Collection entries:
╔══

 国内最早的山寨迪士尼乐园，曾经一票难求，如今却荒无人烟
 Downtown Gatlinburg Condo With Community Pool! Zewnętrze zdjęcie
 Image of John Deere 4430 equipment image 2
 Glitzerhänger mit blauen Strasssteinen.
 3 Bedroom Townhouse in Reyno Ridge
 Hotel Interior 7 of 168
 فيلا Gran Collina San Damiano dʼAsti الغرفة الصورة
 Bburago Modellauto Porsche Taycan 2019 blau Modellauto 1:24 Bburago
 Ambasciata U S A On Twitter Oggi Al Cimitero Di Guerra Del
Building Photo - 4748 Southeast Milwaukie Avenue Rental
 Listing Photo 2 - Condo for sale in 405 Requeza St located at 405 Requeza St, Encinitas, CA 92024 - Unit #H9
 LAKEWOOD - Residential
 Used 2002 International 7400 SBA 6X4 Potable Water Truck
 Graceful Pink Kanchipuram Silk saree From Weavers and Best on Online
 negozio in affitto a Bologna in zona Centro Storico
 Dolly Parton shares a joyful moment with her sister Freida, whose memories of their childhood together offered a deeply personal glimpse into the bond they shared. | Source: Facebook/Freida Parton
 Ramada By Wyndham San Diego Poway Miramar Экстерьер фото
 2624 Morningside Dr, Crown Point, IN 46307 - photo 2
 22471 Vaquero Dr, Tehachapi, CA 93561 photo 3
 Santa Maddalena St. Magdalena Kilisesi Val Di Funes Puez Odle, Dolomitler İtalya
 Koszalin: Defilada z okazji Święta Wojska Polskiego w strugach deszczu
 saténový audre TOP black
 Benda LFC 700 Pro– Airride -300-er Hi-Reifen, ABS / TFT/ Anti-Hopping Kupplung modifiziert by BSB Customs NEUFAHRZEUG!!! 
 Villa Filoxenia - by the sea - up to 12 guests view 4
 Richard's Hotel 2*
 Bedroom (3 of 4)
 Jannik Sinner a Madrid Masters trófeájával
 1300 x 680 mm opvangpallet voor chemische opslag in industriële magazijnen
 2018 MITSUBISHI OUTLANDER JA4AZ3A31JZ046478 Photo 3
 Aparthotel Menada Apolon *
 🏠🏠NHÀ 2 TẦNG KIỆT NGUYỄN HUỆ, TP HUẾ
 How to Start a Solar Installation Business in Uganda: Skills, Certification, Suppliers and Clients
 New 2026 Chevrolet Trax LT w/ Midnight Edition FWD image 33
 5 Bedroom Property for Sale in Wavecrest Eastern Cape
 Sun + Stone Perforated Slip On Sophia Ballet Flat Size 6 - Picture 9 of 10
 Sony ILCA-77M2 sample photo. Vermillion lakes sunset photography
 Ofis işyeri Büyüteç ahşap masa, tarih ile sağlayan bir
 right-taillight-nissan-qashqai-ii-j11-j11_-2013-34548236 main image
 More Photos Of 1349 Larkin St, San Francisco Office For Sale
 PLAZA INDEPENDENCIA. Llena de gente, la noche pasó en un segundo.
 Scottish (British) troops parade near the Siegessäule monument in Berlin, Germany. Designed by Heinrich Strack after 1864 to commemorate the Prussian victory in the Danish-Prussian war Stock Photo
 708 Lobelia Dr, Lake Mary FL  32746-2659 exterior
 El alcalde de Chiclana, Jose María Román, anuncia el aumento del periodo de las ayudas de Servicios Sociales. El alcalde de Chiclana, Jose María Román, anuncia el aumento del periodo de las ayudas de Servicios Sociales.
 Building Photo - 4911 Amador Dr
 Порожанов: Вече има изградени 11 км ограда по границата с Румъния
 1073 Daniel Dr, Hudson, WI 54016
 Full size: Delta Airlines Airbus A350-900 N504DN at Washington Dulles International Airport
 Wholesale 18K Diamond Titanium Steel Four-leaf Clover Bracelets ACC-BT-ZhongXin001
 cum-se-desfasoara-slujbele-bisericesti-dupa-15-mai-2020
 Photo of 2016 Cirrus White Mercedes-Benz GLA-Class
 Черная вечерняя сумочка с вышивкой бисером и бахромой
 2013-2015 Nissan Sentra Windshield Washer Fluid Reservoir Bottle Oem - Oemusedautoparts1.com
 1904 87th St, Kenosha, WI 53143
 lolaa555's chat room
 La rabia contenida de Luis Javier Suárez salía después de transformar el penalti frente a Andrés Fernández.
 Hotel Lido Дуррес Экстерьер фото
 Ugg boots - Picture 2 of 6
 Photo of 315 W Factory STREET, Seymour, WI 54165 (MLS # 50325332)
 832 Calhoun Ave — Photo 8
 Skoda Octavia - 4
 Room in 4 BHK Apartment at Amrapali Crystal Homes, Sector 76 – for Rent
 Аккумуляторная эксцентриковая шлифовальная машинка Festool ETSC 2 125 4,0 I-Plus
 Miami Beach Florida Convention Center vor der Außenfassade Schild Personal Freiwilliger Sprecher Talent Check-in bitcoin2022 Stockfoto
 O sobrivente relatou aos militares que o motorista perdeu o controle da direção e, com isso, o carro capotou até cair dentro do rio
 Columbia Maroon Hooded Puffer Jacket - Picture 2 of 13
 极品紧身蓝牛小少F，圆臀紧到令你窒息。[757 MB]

╚══

◆ **Your goal**:
Return, without any change, only the lines from the one containing "Photo of 315" through the last line of the entries above.

◆ **Answer box**:
 Photo of 315 W Factory STREET, Seymour, WI 54165 (MLS # 50325332)
 832 Calhoun Ave — Photo 8
 Skoda Octavia - 4
 Room in 4 BHK Apartment at Amrapali Crystal Homes, Sector 76 – for Rent
 Аккумуляторная эксцентриковая шлифовальная машинка Festool ETSC 2 125 4,0 I-Plus
 Miami Beach Florida Convention Center vor der Außenfassade Schild Personal Freiwilliger Sprecher Talent Check-in bitcoin2022 Stockfoto
 O sobrivente relatou aos militares que o motorista perdeu o controle da direção e, com isso, o carro capotou até cair dentro do rio
 Columbia Maroon Hooded Puffer Jacket - Picture 2 of 13
 极品紧身蓝牛小少F，圆臀紧到令你窒息。[757 MB]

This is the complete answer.